The Grinch and his loyal dog, Max, live a solitary existence inside a cave on Mount Crumpet. His main source of aggravation comes during Christmastime when his neighbors in Whoville celebrate the holidays with a bang. When the Whos decide to make Christmas bigger and brighter, the disgruntled Grinch realizes there is one way to gain peace and quiet. With help from Max, the green grump hatches a scheme to pose as Santa Claus, steal Christmas and silence the Whos' holiday cheer once and for all.
- The main problem with the film is all the character writing is all informed instead of being shown, like how the Grinch is written to be a terrifying grump who outright hates Christmas because of his past experiences with it, but his backstory and personality hardly makes it look like he outright hates Christmas, as the former just shows him having to miss out on Christmas instead of being scarred by it and the latter makes him too normal to be seen as if he's a terrifying grump. The movie, similar to the infamous Grinch film adaptation released in 2000, also has a pointless backstory that is generic and predictable and doesn't need to be there (although this backstory doesn't take up much of the film thankfully).
- The Grinch's design, while faithful to the book, looks more soft than menacing. Max's design also looks out of place and feels like a reject from another Illumination film GMW.
- While Benedict Cumberbatch does a pretty good job as the Grinch, his voice sounds way too normal for the role and he sounds more like someone who's mildly peeved than someone who has no soul and is the physical embodiment of evil.
- It once again runs into the same issue most of these adaptations run into the length. The film is an hour long and there is way too much padding, just so they could have an excuse to make a film out of the book.
- The new characters who are friends of Cindy Lou don't do much to progress the plot and have no real personality.
- The rap update to the Grinch theme is a poor attempt at being hip and cool.
- The new moose character, Fred, is just a pointless comic relief character who shows up for a few scenes and then shows up at the end to finally do something.
- Angela Lansbury as the Mayor of Whoville only appears for one scene and that's pretty much it, making her seem like wasted talent.
- The film doesn't feel like the 1966 special or the book it's based on.
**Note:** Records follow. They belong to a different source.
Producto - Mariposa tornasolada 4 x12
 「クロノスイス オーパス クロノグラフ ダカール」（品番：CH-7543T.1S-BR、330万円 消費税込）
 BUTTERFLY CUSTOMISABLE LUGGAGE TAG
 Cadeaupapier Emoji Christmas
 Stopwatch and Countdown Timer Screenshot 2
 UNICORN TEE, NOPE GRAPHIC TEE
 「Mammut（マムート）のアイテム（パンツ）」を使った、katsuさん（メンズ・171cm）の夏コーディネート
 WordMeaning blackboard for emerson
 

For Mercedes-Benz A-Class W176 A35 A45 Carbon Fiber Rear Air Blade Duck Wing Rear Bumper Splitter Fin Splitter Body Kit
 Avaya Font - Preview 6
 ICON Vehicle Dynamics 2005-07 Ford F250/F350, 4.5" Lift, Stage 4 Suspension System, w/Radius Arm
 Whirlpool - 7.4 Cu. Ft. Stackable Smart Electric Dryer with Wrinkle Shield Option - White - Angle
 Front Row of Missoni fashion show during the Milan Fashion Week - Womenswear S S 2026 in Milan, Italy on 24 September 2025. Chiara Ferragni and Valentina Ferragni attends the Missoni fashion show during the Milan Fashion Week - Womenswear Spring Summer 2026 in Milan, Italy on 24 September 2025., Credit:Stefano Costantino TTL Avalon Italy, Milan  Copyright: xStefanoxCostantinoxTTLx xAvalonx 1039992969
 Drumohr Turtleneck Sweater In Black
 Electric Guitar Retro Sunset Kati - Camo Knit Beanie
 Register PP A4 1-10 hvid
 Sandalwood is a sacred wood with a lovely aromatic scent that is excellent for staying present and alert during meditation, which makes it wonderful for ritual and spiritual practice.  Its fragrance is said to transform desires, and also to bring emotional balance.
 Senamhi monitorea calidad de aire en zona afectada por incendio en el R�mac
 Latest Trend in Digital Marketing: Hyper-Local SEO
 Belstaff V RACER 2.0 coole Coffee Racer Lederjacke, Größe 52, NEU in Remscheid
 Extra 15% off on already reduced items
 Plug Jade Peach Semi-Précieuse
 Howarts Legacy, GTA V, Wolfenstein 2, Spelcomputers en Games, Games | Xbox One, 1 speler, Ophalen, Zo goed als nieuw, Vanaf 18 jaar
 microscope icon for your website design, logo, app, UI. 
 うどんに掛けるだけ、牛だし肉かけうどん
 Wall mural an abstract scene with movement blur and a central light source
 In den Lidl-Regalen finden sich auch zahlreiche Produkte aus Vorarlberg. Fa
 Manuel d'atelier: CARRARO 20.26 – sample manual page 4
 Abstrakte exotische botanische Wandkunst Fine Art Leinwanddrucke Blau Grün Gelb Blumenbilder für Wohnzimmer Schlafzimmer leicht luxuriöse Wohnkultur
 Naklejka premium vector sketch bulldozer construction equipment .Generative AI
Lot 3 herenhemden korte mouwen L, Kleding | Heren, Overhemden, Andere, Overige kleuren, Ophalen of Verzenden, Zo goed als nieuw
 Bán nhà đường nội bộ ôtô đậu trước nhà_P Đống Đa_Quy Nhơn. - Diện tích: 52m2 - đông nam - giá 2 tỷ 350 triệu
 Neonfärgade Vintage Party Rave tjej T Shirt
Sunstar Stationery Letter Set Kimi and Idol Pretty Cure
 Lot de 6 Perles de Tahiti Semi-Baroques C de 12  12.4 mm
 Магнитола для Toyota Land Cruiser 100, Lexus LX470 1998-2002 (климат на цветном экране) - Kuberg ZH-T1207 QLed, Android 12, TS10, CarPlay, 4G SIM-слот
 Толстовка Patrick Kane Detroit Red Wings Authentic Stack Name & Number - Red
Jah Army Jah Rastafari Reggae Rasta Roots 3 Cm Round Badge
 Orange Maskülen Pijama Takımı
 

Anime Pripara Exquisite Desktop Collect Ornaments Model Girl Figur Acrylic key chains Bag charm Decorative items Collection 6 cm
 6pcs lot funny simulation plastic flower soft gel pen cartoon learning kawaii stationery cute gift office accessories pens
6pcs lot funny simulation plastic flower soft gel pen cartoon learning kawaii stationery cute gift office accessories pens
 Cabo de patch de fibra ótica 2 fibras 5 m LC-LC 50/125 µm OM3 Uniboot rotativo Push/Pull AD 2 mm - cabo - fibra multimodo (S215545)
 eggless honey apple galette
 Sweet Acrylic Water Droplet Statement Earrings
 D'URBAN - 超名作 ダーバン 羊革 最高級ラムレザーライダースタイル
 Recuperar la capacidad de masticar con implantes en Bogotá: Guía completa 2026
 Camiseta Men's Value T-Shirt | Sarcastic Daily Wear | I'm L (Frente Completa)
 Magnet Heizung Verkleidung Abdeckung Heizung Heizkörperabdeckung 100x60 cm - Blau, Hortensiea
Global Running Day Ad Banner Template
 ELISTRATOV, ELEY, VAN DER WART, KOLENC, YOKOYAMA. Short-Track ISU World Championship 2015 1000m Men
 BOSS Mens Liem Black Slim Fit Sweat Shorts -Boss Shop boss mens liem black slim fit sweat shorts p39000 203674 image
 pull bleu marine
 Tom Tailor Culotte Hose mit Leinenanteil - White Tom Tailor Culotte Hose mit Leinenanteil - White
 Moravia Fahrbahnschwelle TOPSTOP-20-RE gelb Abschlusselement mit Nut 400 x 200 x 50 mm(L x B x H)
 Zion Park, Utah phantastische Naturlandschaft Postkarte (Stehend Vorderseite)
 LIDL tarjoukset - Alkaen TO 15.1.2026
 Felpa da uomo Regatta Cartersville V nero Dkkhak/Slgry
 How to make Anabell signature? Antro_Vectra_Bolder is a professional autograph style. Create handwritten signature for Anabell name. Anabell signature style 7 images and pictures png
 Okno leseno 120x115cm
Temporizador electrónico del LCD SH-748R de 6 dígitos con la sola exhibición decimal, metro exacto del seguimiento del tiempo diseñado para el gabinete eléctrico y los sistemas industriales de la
In fact, it sometimes even goes as far as to insult them in some scenes, although not as much as in the 2000 film.
- Mediocre comedy such as the "Screaming Goat" meme being used randomly as a joke.
- While the voice acting is good overall, Pharrell Williams as the narrator can be kind of bland and kind of unfitting.
- Cindy is now a generic energetic kid.
- This film took a classic story, and turned it into a cliched, energetic, pop cultural, cash grab.
- Great animation, which is a nice step-up for Illumination films.
- The art style is at least somewhat very accurate to the Dr. Seuss books, although it still has some out of place designs and the lazy reuse of assets that make it rather distracting.
- One shot in the film where the Grinch looks down on Whoville looks visually stunning.
- The concept art is fantastic at least, even if the film ended up being bland.
- Good voice acting, a particular highlight being Kenan Thompson as Bricklebaum.
- It isn't nearly as mean-spirited as the previous attempt at a Grinch adaptation, as the film is a lot more lighthearted than the 2000 live-action adaptation, for example, it lacks the scene where the Grinch saves Cindy, but the former regrets doing so and wraps Cindy in gift paper, as well as throwing the dark atmosphere out of the window in favor of a happier tone that fits Dr. Seuss better.
- Depending on your opinion, the movie actually has the Grinch treating Max nicely in some scenes, which (again, depending on your opinion) is a nice change from the original 1966 special and 2000 film.
- Unlike Illumination's previous Dr. Seuss adaption The Lorax, it doesn't have as much pop culture references, if any.
The film received mixed to average reviews from critics and fans of the original book and special, with many calling it a play it safe kind of film that doesn't add much to the legacy of the story. As with most Illumination films, it was a box office hit, earning $511.6 million worldwide.